Stephen Bush (Australian, b. 1958)Pomme de TerreNo visible signature.
Oil on paper, 17 7/8 x 25 in. (45.5 x 63.5 cm), framed.
Condition: Mounted to paper, unevenly trimmed u.l., some adhesive residue visible on mount, gentle rippling, floated within the frame, not examined out of frame.
Provenance: John L. Stewart Collection, New York, through to the current private collection, New Hampshire.

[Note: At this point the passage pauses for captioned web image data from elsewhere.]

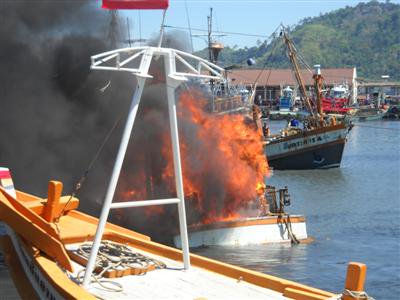 Phuket fishing boat scuttled after blaze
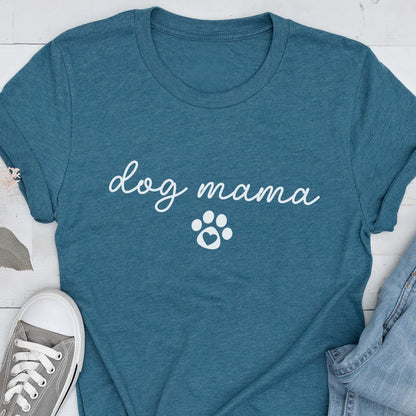 May include: Teal-colored t-shirt with the words "dog mama" in a cursive font and a white paw print graphic. The shirt is made of a soft material and is suitable for casual wear. A pair of gray sneakers and blue jeans are visible.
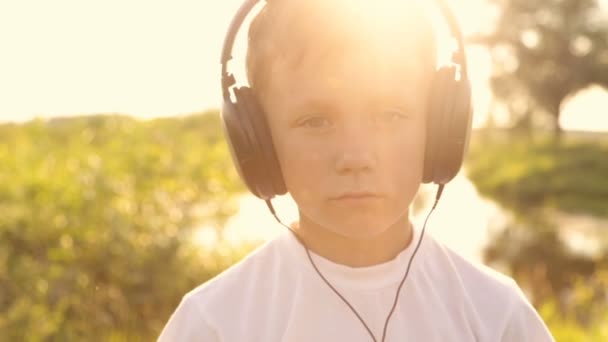 Menino ouvindo música através de fones de ouvido na natureza sob o pôr do sol — Vídeo de Stock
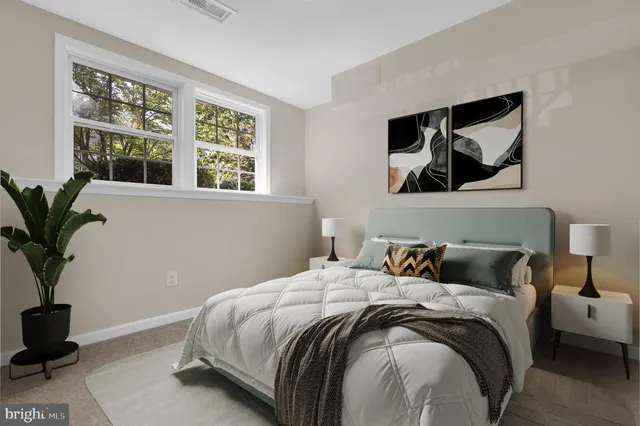 a bedroom with a bed and glass window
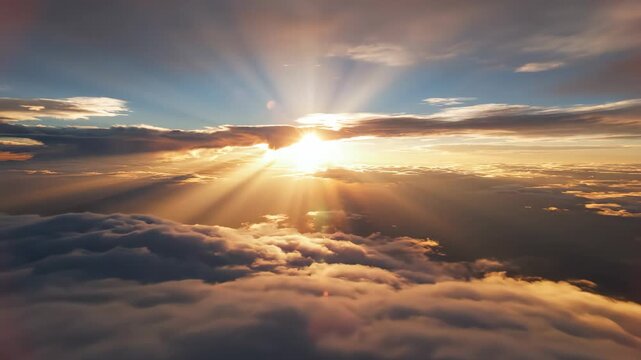 Aerial view of breathtaking sunrise above clouds, golden sun rays shining through, 4k video footage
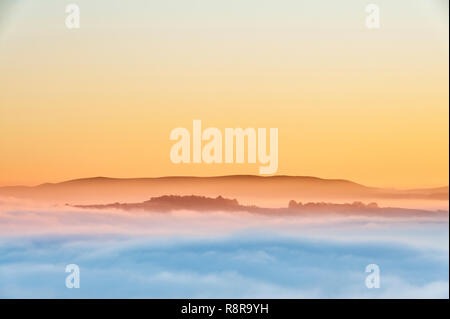 On Stonewall Hill in the Welsh borders near Knighton, UK. Evening view of Hay Bluff and the Black Mountains showing the valleys filled with thick fog Stock Photo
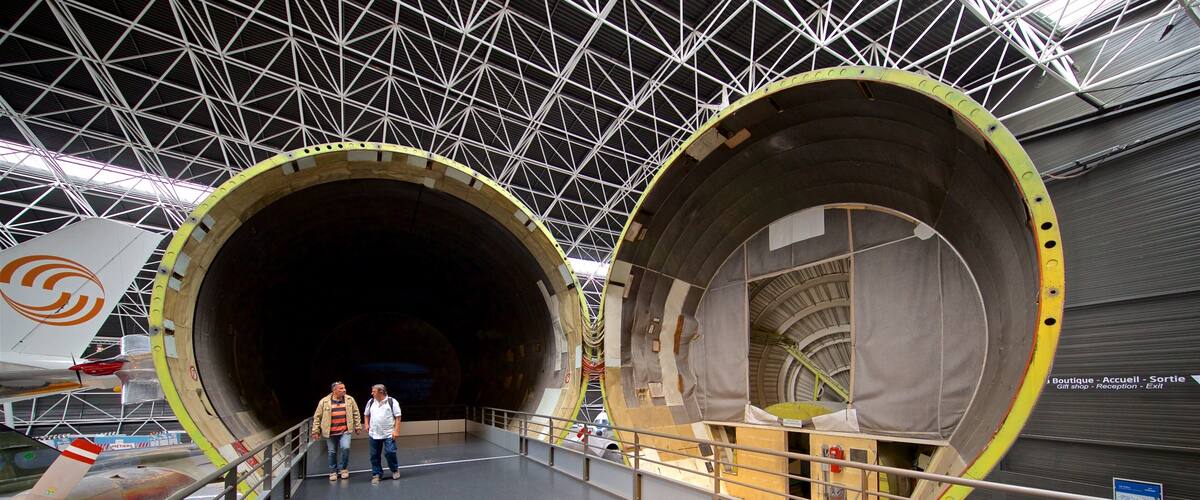 A large industrial building with two large cylindrical structures, a metal framework ceiling, and a walkway leading to an airplane.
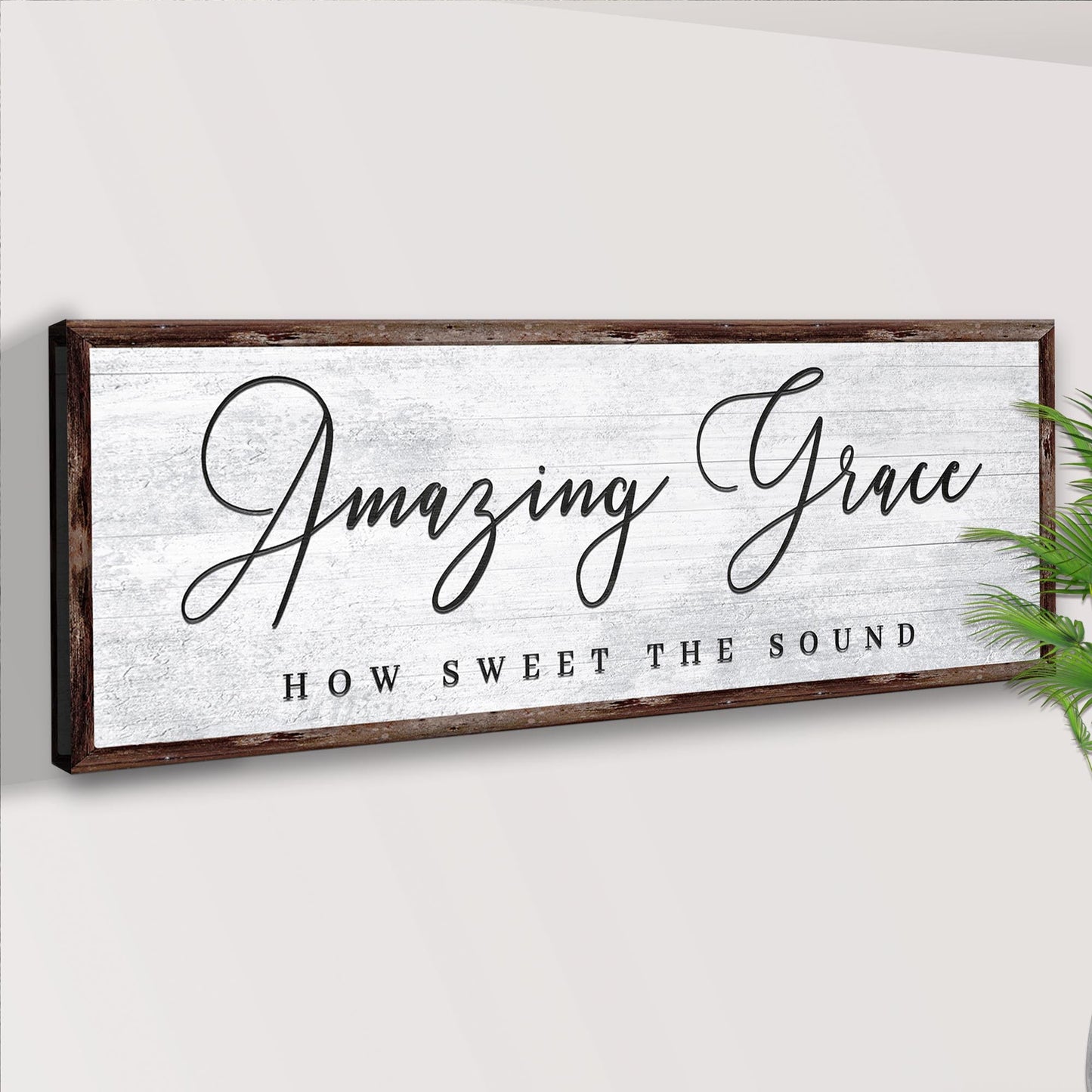 Decorative sign with 'Amazing Grace' text on a white wall.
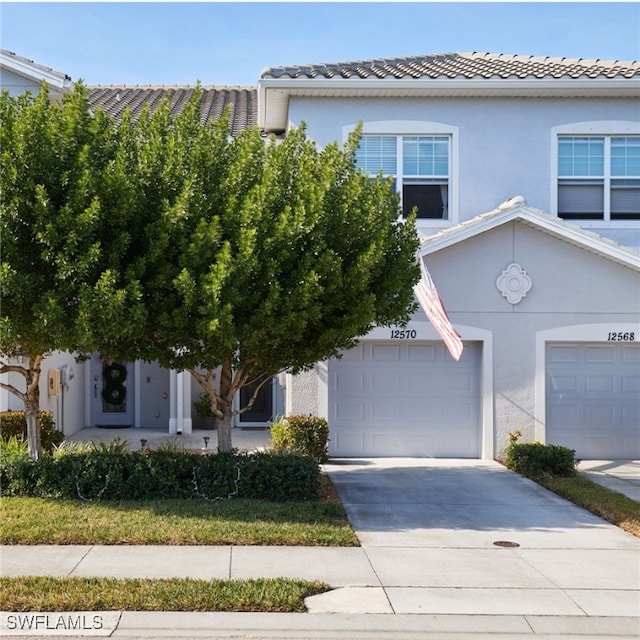 view of front of property with a garage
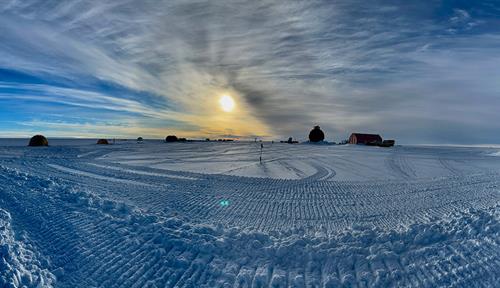Fotografía de un paisaje llano y desolado, cubierto de hielo y nieve, con el sol bajo en el cielo. En el fondo se ven algunas estructuras.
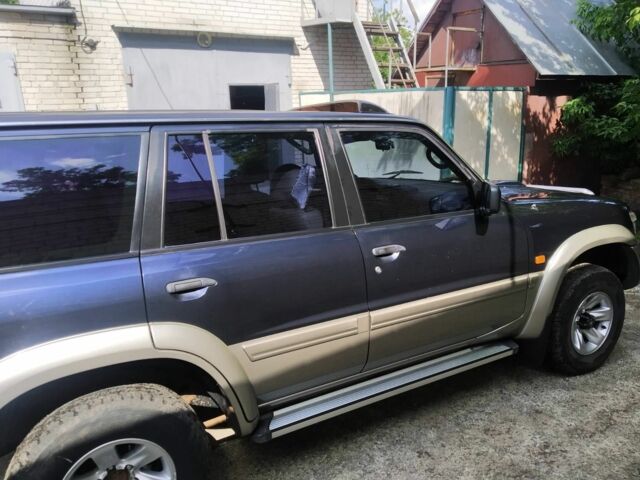 Синий Ниссан Патрол, объемом двигателя 0 л и пробегом 169 тыс. км за 13000 $, фото 1 на Automoto.ua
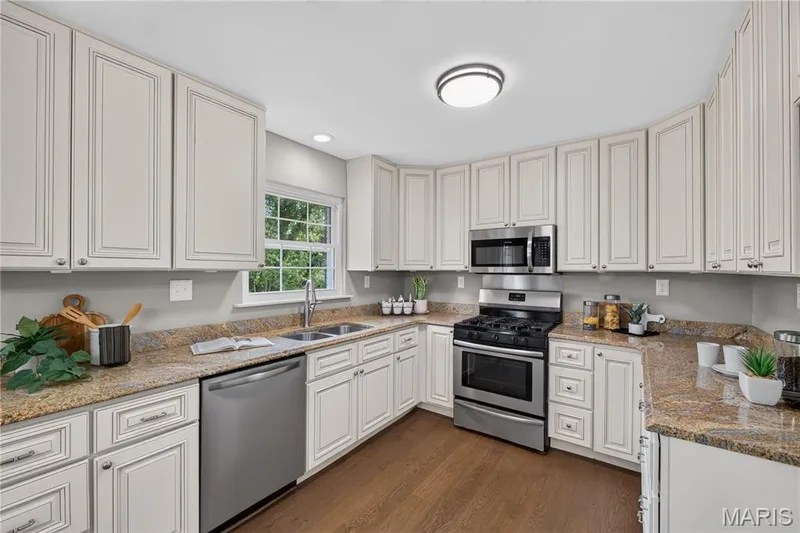Kitchen featuring extensive white cabinetry, stainless steel appliances, speckled stone countertops, a double basin sink, and wood-finish flooring — 33 Timber Ridge Drive, Marthasville, MO 63357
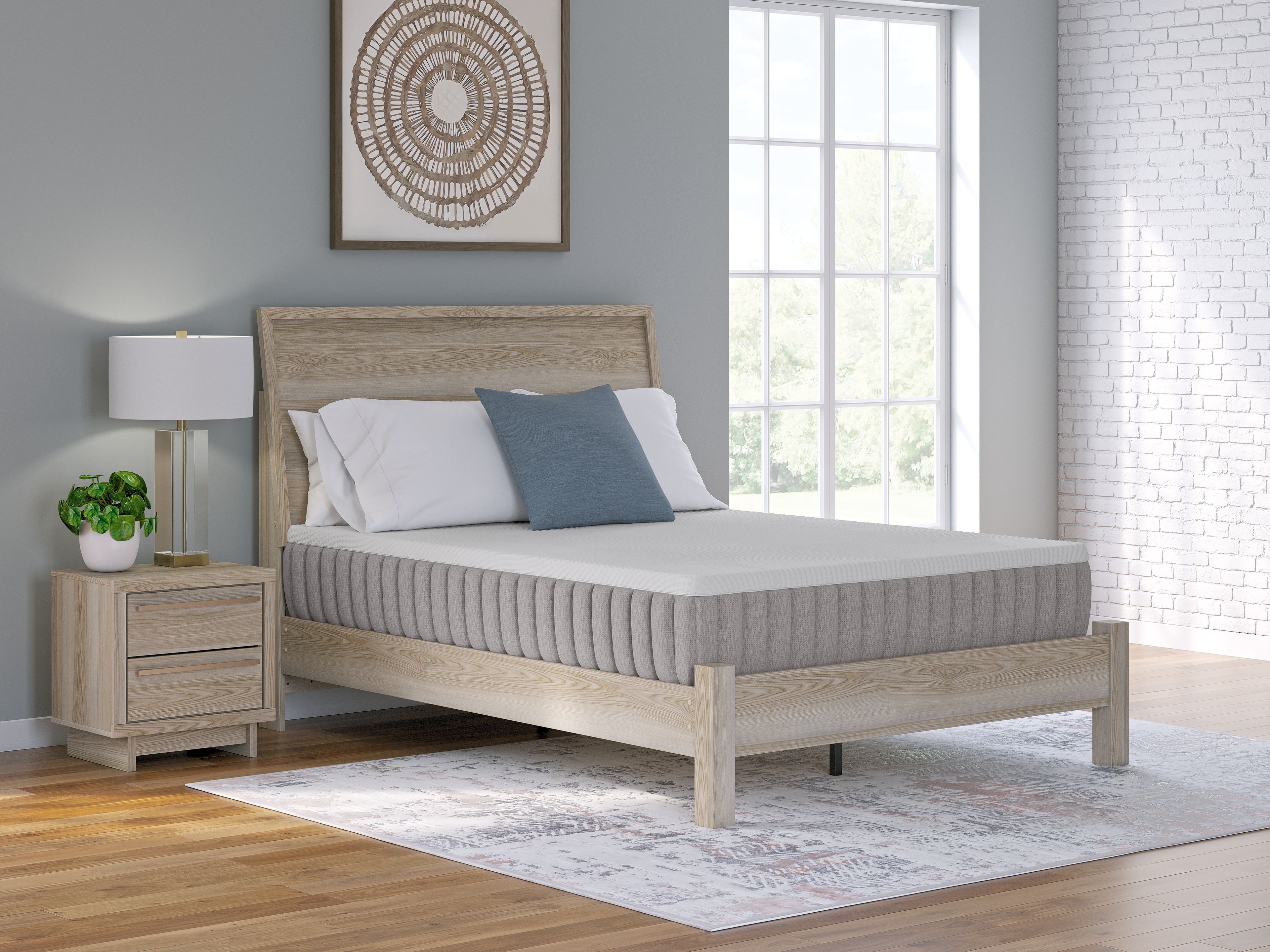Firm mattress with white cover and gray sides on wooden bed frame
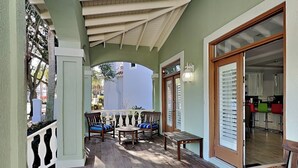 Un área de estar al aire libre con techo, muebles de madera y vista a la calle.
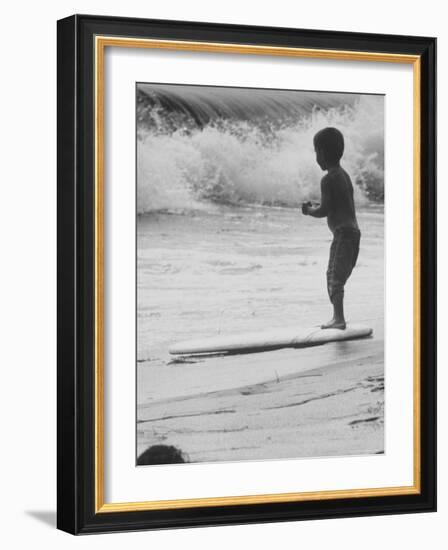 Little Boy Standing on a Surf Board Staring at the Water-Allan Grant-Framed Photographic Print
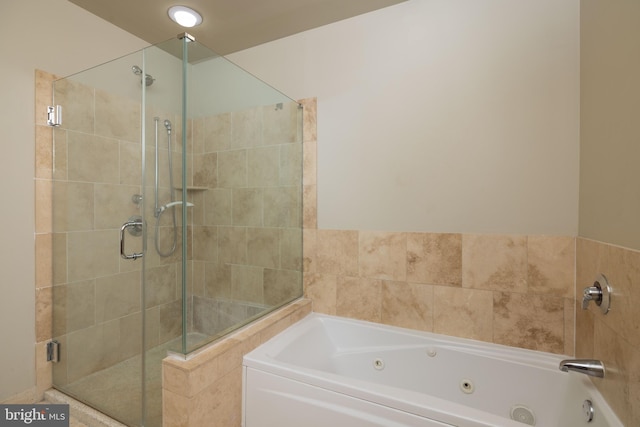 full bath featuring a jetted tub and a shower stall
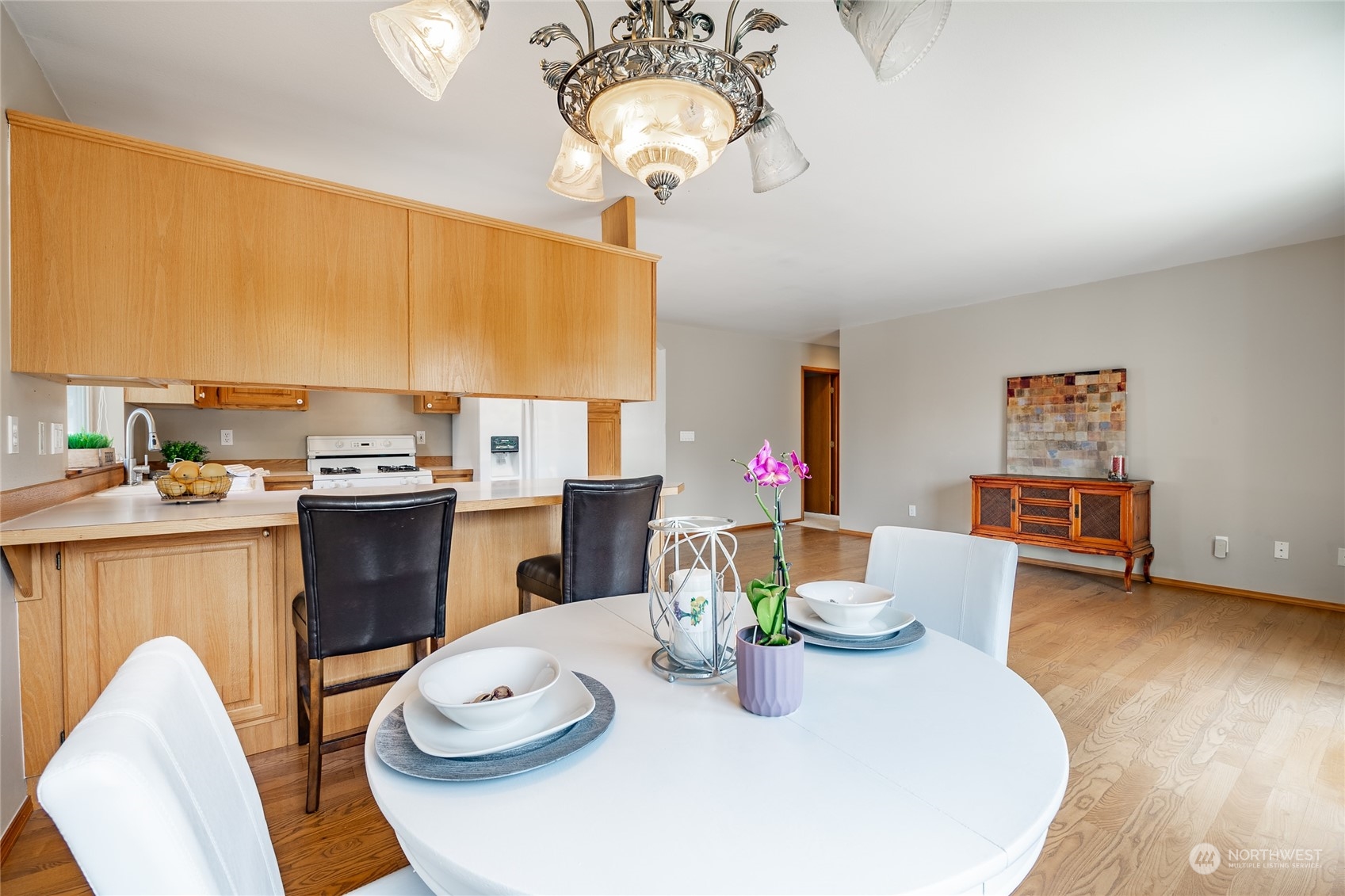 8087 Kispiox Road Blaine, WA 98230 - Photo 15 of 37 a dining room with furniture a chandelier and kitchen view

N.B. Stephen Bush creates distinct series of works, each focusing on a particular motif—an elephant, an explorer, beekeepers, farm equipment, and trash cans, among other characters, objects, and landscapes. Committed to representational painting and a student of historical Western European techniques and processes, Bush applies a classical style to unromantic modern subjects, like the trash bins in his
Pomme de Terre series. While the subject seems simple enough, the title does not match ("pomme de terre" is the French term for potato). Potatoes are another of the repeated motifs in Bush's œuvre, and the trash can series resulted from the artist's 1996 residency at Cité Internationale des Arts, Paris, during which he drew a potato each day and then ate the potato he had used as his model. At the end of the residency, he threw all of his potato drawings into a green trash bin. The narrative of the potatoes disappears from all but the title of the
Pomme de Terre series, lost in the inexpressive, objective depiction of the trash bins.
Condition
Condition: Framed dimensions: 23 3/4 x 30 3/4 x 1 in.